# Mit Excel Daten über Modbus lesen



## eYe (28 April 2010)

Moin,

ich wollte mal fragen ob hier jemand schonmal Daten mit Excel über Modbus TCP oder RTU gelesen hat.
Schön wäre es natürlich wenn das ohne extra OPC Server, etc laufen könnte.
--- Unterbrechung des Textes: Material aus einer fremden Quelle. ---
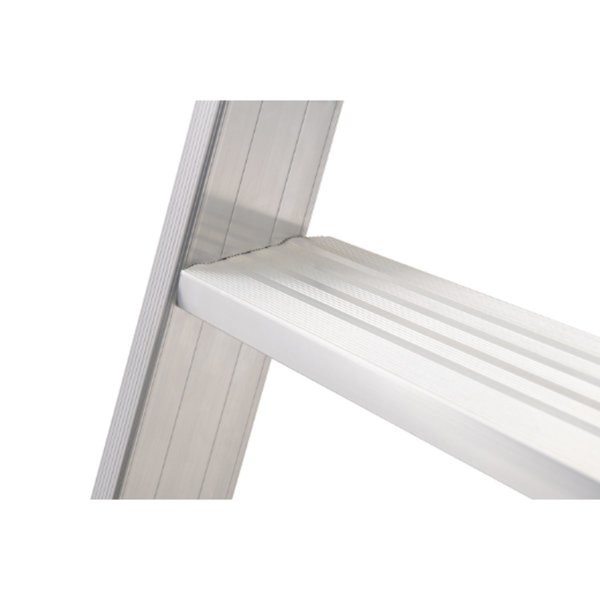 Hymer Plattformleiter HYMER ProTect C 2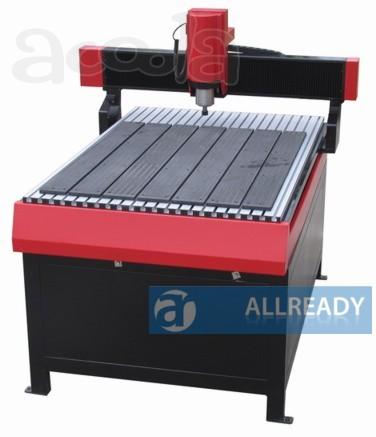 Фрезерный станок с ЧПУ Carver SM 6090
Sind die Excel VBA Möglichkeiten dafür ausreichend bzw kann man in Excel eine Modbus Bibliothek einbinden?

Bin für jeden Hinweis/Link dankbar,
eYe


----------



## Oberchefe (1 Mai 2010)

Von Wago gibt's eine DLL dafür, die kostet natürlich ein paar Euros.

http://www.wago.com/wagoweb/documentation/759/ger_manu/312/m931200d.pdf

Ansonsten Spezifikation von www.modbus.org runterladen und selber schreiben.


----------



## o_prang (4 Mai 2010)

Hi eYe,

diese DLL kannste eigentlich nur mit C oder VBA bearbeiten.
Ich denke nicht dass Du mit Excel externe DLLs einbinden kannst.

Hier habe ich was gefunden was Dir vielleicht helfen könnte.


----------



## Oberchefe (4 Mai 2010)

> diese DLL kannste eigentlich nur mit C oder VBA bearbeiten.
> Ich denke nicht dass Du mit Excel externe DLLs einbinden kannst.



Was ist VBA?
http://de.wikipedia.org/wiki/Visual_Basic_for_Applications

Nicht zu verwechseln mit VB:
http://de.wikipedia.org/wiki/Visual_Basic

Beispiele zu VBA siehe Seite 31 im PDF vom ersten Link.


----------



## BPlagens (5 Mai 2010)

Google hat das hier gefunden:

http://www.modbus.pl/Visual_Basic.html
http://homepage.ntlworld.com/p.mcrae/paul/
http://www.freemodbus.org/


----------